Below we have diarised the sessions including Deakin STS’ers, with times given in both UTC-6 (Cholula) and AEDT (Melbourne) for those joining on the Hybrid platform.
Photograph “San Fransisco Acatepec, San Andrés Cholula, Puebla, Mexico” by Aldo González https://unsplash.com/photos/Y-hpmdr4eJY
Indeterminacy, Uncertainty, Potentiality II
Cholula: Thursday December 8, 11:00 – 13:00
AEDT: Friday, December 9, 4:00 – 8:00 (AM)
Dr Tim Neale: Discussant
Indeterminacy, uncertainty and potentiality have proliferated as concept terms bringing science and technology to bear on problems of ecology, toxicity, geology, health, infrastructure and others. This panel seeks to sort out the tensions and overlap among these terms especially with respect to how they help define emergent problems. We take up the themes of the conference by emphasizing connections between vernacular and expert knowledge while exploring key modes of living together during difficult times. We emphasize the positive content of terms like uncertainty and indeterminacy that risk denoting a vague absence of knowledge or lack of unidirectional predictability. How does uncertainty inhere not only in the limits of understanding or the techniques of risk management but also as an inherent quality of relations themselves? Among the people we study and learn with, how do their capacities for grappling with indeterminacy force a reckoning with our desires for clean arguments, narrative closure and uncompromised politics? How does the potentiality of certain problems such as climate change add depth to their temporal texture and latent capacities for action (or inaction)? Taking up the work of Michelle Murphy, Kim Fortun, Karen Barad, Adele Clarke and others, we seek to underscore the constructive tension between vernacular and technical knowledge around unstable sociopolitical and technical zones.
Meet up: Cultivating an ethical ethos in our STS communities
Cholula: Thursday, December 8, 13:00 – 14:00
AEDT: Friday, 9 December, 6:00 – 7:00
Emma Kowal (SSN co-convener, Deakin University) and Anne Pollock (King’s College, London).
The Australian Carbon Market as State-Corporate Crime
Cholula: Thursday, December 8, 16:30 – 18:30
AEDT: Friday, December 9, 9:30 AM – 10: 30
Panel: How Carbon Affects Us
SSN Grantee Dr Monique Mann with Laura Bedford, also of Deakin University
The Australian Government has committed to a 2050 net zero greenhouse gas emissions target through its Long-Term Emissions Reduction Plan (LTERP).

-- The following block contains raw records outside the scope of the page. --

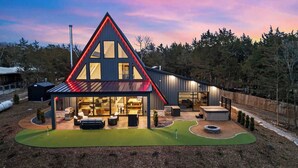 A modern house with a triangular roof, large windows, and a patio area with outdoor furniture. - AFrame at Beaver Lake |Hot Tub. Epic Patio & Views (Rogers)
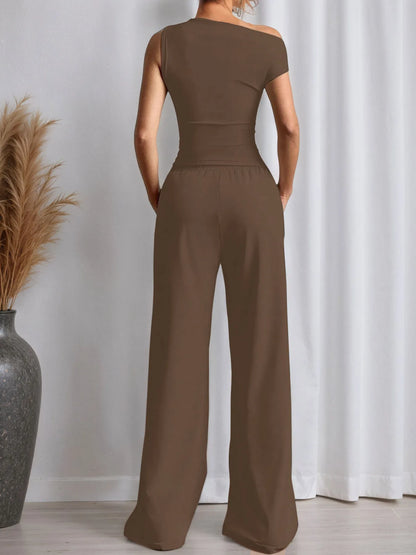 Brown apparel featuring a fitted top with trendy pants for a stylish look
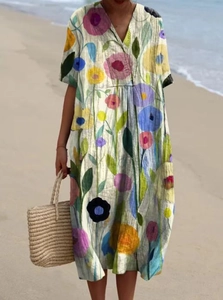 Robe longue d'été à col en V avec imprimé floral coloré pour un look de vacances à la plage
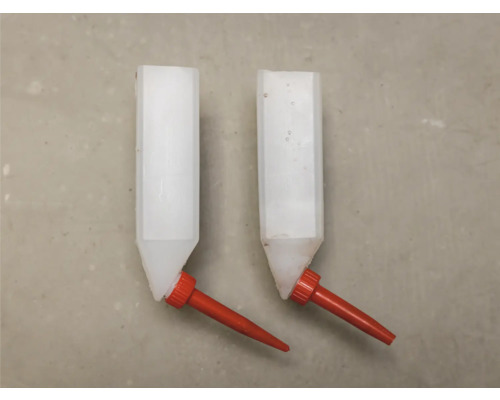 Twee dierendrinkbakken van kunststof met rode nippel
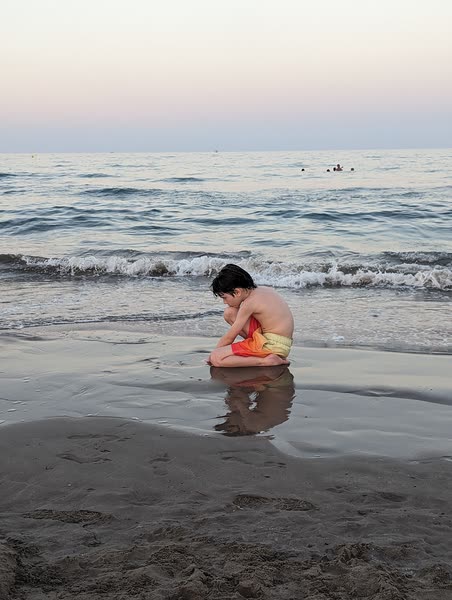 Niño sentado en la orilla al atardecer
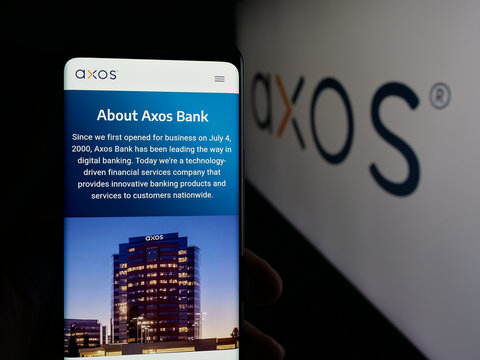 Stuttgart, Germany - 10-04-2025: Person holding cellphone with webpage of US banking company Axos Financial Inc. on screen in front of logo. Focus on center of phone display.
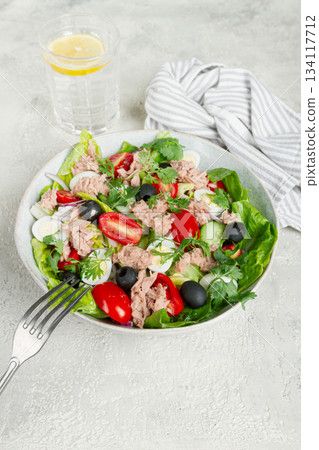 salad with canned tuna, vegetable salad with quail eggs, lettuce and romaine leaves, red onion, cherry tomatoes, olives, keto food, healthy eating, 134117712
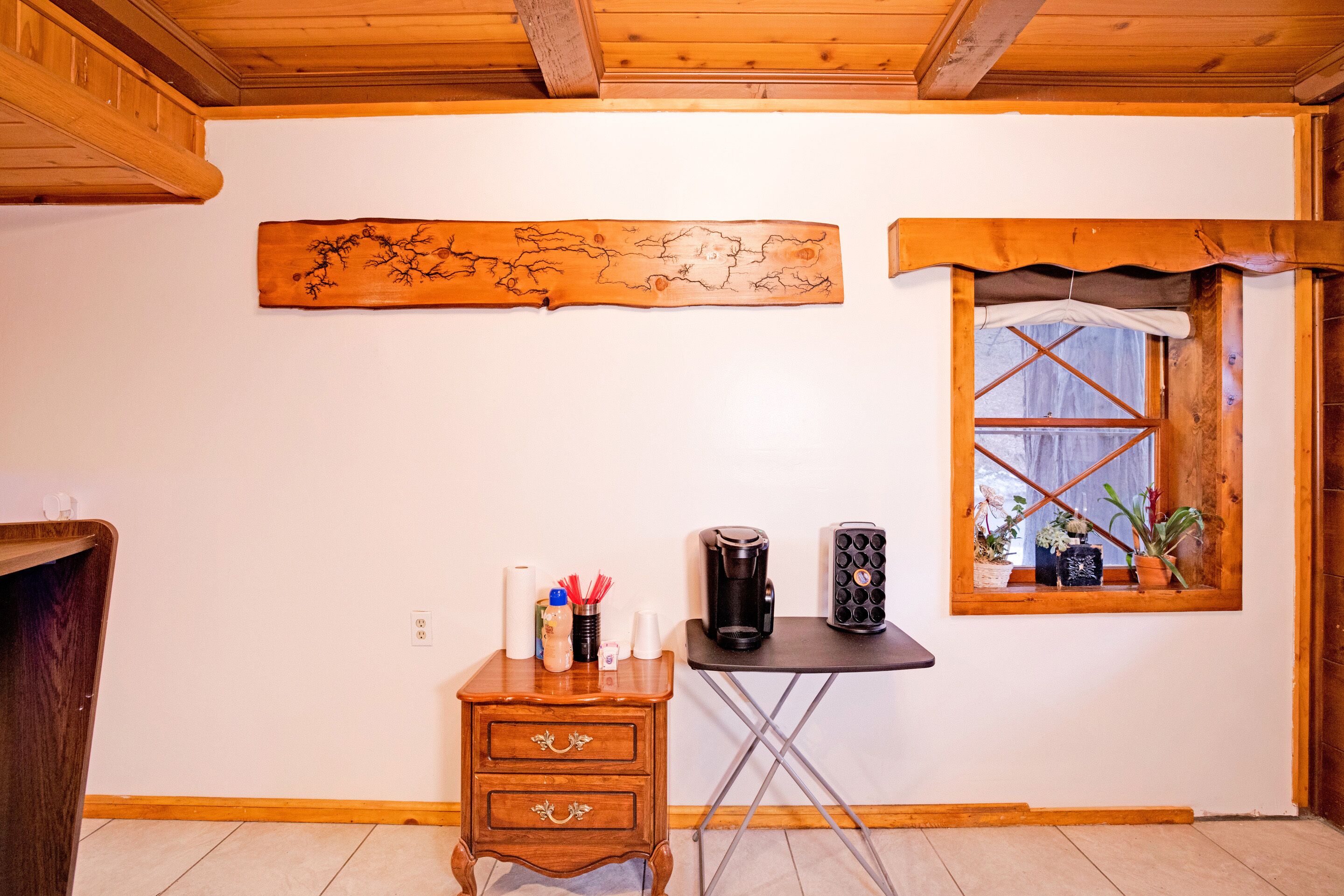 Una stanza con soffitto in legno, un'opera d'arte appesa al muro, un piccolo comò di legno, una macchina da caffè e una finestra con piante.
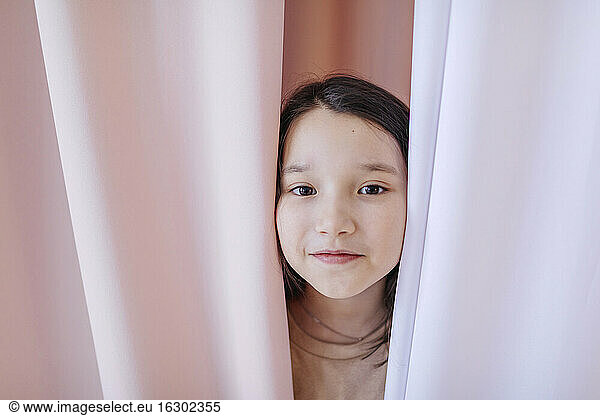Mädchen versteckt sich zu Hause hinter einem Vorhang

The LTERP envisages that 10-20% of all emission reductions to 2050 will be from carbon offsets traded in international and Australian carbon markets. A key policy instrument is incentivisation of emissions reductions through the AUD$4.5 billion Emissions Reduction Fund (ERF) whereby the Government will purchase the lowest cost abatement in the form of Australian carbon credit units (ACCUs). The carbon market in Australia is a complex, contested socio-ecological-technical assemblage where the integrity of the oversight of scientific processes of carbon accounting and the governance of the carbon market have been called into question. We bridge the fields of science and technology studies (STS), political ecology, and green criminology to present a case study of the regulatory failure of the ERF administered by the Australian Clean Energy Regulator (ACER). We examine core aspects of the ERF that raise questions about the integrity and effectiveness of the Australian carbon market. Claims have been made by insider whistle-blowers, academics, and the media that a large portion of the carbon credits claimed by landowners and other sellers of credits for human induced regeneration, avoiding deforestation and methane landfill gas projects comprise low integrity carbon credits which fail to achieve their intended purpose. In critiquing the Australian carbon market, we explore the possibility that the ACER paradoxically operates to increase carbon emissions, accelerate planetary ecocide, misappropriates public funds, and this amounts to state-corporate crime.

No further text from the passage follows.